The university I graduated from started an online book club earlier this year. I thought it might be enjoyable to read books and discuss them with others and joined. I just finished reading our second book, A Woman of No Importance: The Untold Story of the American Spy Who Helped Win World War II by Sonia Purnell. It is the story of perhaps the most successful Allied spy of World War II, Virginia Hall. On top of being a woman in the male dominated world of espionage, she was an amputee. She lost her left leg at the knee in a hunting accident. And the work she accomplished is simply incredible.

She grew up always wanting to do something more than marrying well, her mother’s dream for her. She visited France in the 1920s and fell in love with the freedom she felt there as a woman as well as the people. After her time in France, she attempted to find work at the State Department as a diplomat. They never saw her in that role, resigning her to support roles that “fit her better.”

In early 1940 she became an ambulance driver in France for the French army. When France fell to the Nazis, she found herself in London where she sought to join the newly created Special Operations Executive (SOE).
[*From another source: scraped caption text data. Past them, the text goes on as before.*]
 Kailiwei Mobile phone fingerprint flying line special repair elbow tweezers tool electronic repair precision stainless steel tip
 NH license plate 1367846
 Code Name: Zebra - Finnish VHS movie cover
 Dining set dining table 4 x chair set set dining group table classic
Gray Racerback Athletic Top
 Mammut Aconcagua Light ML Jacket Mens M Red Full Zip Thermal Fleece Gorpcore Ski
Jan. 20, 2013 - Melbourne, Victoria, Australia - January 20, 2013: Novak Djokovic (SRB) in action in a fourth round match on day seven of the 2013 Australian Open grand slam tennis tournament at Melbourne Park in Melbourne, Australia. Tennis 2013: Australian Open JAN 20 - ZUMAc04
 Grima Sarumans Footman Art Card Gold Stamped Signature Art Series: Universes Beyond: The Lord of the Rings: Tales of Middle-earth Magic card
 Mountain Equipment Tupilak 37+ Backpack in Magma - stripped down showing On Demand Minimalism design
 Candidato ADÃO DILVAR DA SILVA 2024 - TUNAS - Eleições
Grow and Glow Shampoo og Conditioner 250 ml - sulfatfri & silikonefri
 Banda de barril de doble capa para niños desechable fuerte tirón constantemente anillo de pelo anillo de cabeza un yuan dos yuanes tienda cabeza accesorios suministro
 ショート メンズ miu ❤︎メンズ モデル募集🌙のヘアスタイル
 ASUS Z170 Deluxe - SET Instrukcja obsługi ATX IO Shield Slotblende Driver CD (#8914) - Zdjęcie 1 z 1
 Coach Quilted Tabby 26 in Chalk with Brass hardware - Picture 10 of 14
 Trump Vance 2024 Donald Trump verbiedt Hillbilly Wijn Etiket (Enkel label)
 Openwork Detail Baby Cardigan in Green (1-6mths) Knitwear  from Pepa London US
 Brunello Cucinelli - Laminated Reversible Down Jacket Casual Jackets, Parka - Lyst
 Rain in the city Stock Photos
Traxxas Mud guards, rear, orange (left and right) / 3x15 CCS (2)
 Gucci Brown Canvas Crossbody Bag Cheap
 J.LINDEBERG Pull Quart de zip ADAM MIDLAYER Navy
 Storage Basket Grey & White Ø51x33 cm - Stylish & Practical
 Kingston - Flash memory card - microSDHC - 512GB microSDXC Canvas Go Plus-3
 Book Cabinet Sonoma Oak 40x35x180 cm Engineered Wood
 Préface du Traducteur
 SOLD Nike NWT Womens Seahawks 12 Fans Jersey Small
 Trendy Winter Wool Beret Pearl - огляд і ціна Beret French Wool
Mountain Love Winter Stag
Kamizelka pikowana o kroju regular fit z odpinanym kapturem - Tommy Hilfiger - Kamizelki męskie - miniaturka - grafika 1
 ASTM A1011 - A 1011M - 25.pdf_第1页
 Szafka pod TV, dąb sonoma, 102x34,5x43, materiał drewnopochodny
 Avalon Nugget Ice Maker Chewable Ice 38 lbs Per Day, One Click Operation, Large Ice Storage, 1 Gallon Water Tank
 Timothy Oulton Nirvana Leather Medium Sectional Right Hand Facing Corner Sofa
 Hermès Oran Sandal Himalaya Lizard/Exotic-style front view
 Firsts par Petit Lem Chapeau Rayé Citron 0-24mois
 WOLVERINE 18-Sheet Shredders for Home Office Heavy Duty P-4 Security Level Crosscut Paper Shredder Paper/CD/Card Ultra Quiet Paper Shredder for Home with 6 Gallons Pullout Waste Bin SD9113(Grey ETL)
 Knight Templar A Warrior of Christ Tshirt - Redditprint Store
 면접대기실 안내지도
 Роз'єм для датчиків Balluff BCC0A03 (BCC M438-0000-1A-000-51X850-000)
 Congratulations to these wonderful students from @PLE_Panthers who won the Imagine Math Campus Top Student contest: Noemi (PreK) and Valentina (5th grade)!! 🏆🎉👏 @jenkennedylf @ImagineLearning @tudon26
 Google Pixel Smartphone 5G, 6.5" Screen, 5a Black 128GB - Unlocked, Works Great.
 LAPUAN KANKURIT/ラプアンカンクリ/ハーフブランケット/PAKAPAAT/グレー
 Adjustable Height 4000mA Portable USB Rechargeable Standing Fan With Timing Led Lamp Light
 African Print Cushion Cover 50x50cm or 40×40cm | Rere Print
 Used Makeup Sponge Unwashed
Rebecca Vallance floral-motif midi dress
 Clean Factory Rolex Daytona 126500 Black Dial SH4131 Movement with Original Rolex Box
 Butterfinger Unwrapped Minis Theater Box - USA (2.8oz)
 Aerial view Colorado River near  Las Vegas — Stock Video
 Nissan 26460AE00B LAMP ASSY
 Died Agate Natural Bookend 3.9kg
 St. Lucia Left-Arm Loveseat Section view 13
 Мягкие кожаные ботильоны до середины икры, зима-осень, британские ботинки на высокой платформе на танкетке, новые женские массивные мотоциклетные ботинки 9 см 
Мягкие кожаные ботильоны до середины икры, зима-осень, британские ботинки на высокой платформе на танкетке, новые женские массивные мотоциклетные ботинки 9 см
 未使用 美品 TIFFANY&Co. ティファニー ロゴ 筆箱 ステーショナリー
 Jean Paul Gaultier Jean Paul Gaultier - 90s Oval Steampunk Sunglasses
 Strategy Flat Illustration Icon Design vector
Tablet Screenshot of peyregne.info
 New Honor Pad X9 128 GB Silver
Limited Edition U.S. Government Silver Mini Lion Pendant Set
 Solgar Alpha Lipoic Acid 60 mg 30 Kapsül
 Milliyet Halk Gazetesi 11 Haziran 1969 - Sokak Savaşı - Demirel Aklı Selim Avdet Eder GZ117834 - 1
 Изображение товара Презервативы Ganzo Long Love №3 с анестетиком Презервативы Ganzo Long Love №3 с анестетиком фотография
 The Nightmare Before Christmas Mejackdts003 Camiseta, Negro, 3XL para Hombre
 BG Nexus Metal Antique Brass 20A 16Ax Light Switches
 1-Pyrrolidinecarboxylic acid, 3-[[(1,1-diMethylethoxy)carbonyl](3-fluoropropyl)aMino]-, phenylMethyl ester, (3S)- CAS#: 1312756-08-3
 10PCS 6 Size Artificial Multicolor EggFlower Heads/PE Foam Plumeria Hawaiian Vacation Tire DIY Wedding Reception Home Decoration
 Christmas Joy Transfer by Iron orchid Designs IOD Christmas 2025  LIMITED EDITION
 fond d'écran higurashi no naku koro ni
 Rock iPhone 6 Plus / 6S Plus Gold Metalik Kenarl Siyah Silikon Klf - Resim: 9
They were looking to place spies in Vichy France to build up resistance fighters. They struggled to do so. They were so desperate that they decided they had nothing to lose by giving Virginia a chance, never expecting her to last very long.

She outperformed every man in the SOE (and later the US’s Office of Strategic Services or OSS) over and over again. The things she accomplished were simply incredible: jail breaks, multiple disguises and names, escaping over the Pyrenees (with one leg!). Despite her performance, she was never given a command until near the end of the war. But she never let that stop her. She was always a leader, whether recognized for it or not. People looked to her and relied upon her to get things done. The result: she and her resistance fighters liberated the Loire valley without regular troops following the Normandy invasion, the first resistance group to do this in France.

Unfortunately after the war, the good old boys’ club kicked in again. She served in the CIA until she retired (mandatory) at sixty. Unlike the men, she was never invited back in a consulting role. After she died, the leadership at the CIA finally gave her the recognition she deserved. Interestingly, Virginia herself was never much interested in recognition. She just wanted to be allowed to do her work. When she was awarded the Distinguished Service Cross in 1945, she refused a public ceremony as she feared it would compromise her continued work as a spy. She was the only civilian woman in World War II to receive this award.

Virginia’s story is astounding for anyone, man or woman. The fact that she did it as a woman who was often overlooked or looked down on makes it all the more impressive. Add to that the disability of a prosthetic leg and you have the story of one of the most incredible leaders of the twentieth century.